Aleksiej Nawalny to lider rosyjskiej opozycji oraz ostry krytyk prezydenta Władimira Putina i partii Jedna Rosja. Opowiada się za koniecznością zdecydowanej walki z korupcją i nadużyciami władzy.
Pomimo wtrącenia do kolonii karnej wciąż walczy o pokój na Ukrainie i na świecie.
"Aleksiej Nawalny wzywa do wychodzenia na ulicę i protestowania przeciw wojnie codziennie o 19 i w weekendy o 14" - napisała jego rzeczniczka Kira Jarmysz na Twitterze, dodając, że zgromadzenia powinny odbywać się na centralnych placach wszystkich miast. Nawalny wezwał "wszystkich, aby wyszli na ulice i walczyli dla pokoju". Do masowych protestów musi przyłączyć się każdy: "gdziekolwiek jest, w Rosji, na Białorusi czy po drugiej stronie planety".

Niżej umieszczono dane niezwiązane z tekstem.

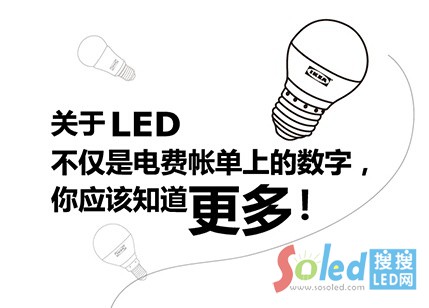 P(gun)LEDHM(fi)~ϵĔ(sh)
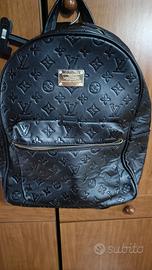 zainetto Luis Vuitton 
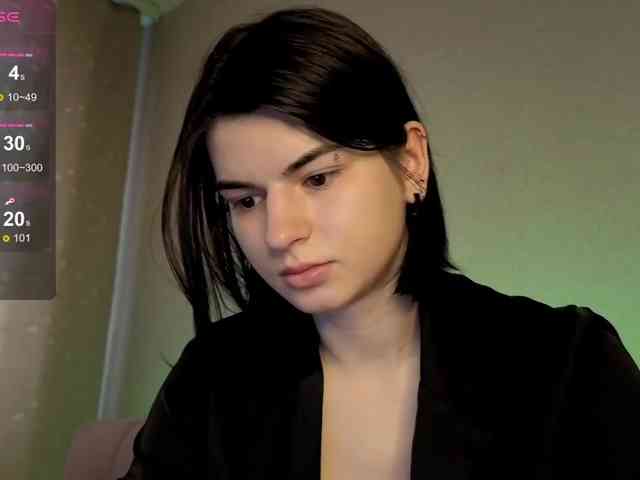 lololozhechka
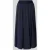 milano italy Midirok met elastische band model ‘SNOS’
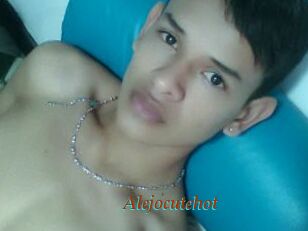 Alejocutehot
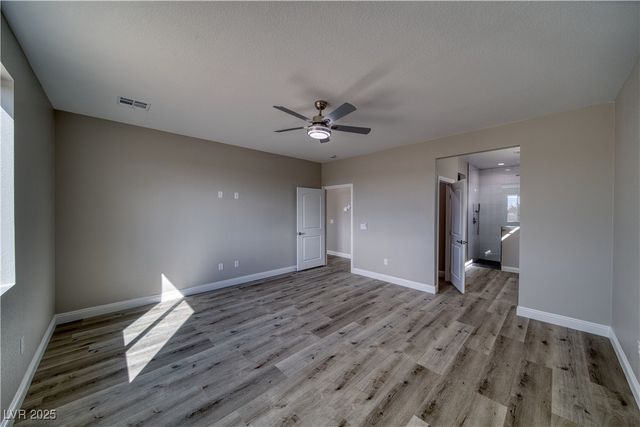 4601 East Honey Locust Drive, Pahrump, NV 89061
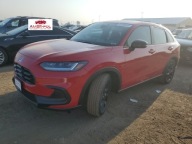 Honda HR-V Sport, 2024r., 4x4, 2.0L 2.0 Benzyna 158KM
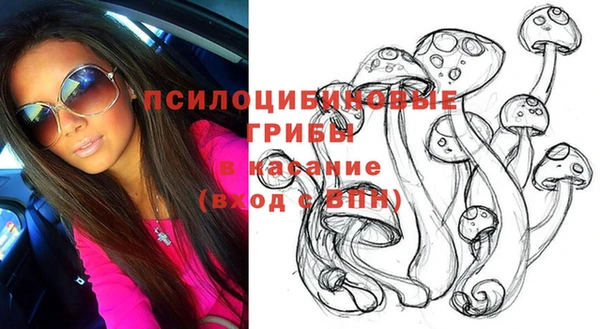 альфа пвп Заволжье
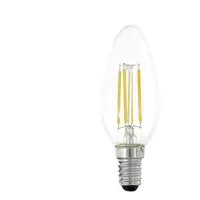 Bec Eglo Lm_led_e14 110182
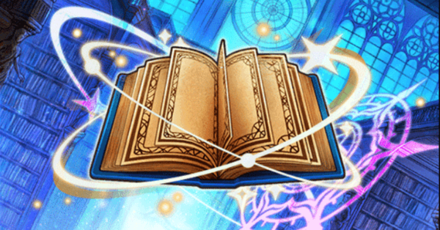 Book of Memories Banner.png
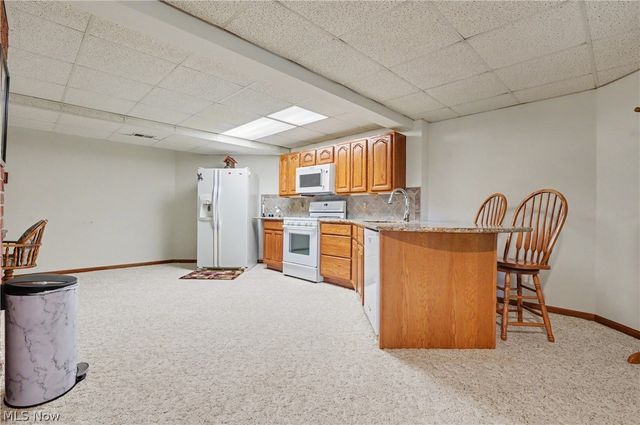 8188 Kepler Avenue NW, Canal Fulton, OH 44614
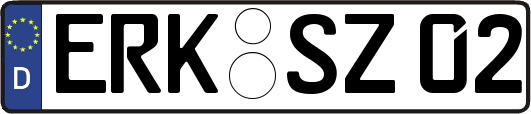 ERK-SZ02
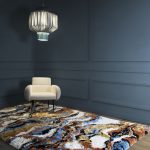 La Land Rug image 5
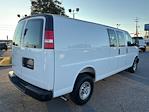 New 2025 Chevrolet Express 3500 Empty Cargo Van for sale #1267577 - photo 3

"Chcemy być narodem pokoju. Niestety niewielu może nas tak dziś nazwać. Nie stańmy się jednak przynajmniej narodem zastraszonych, niemych ludzi. Tchórzy, którzy udają, że nie dostrzegają, że agresja przeciwko Ukrainie została rozpętana przez naszego szalonego cara. Nie mogę, nie chcę i nie pozostanę cicho, patrząc jak pseudohistoryczny nonsens dotyczący wydarzeń sprzed stu lat stał się wymówką dla Rosjan do mordowania Ukraińców, a dla Ukraińców, by mordowali Rosjan w samoobronie" - pisze opozycjonista Aleksiej Nawalny.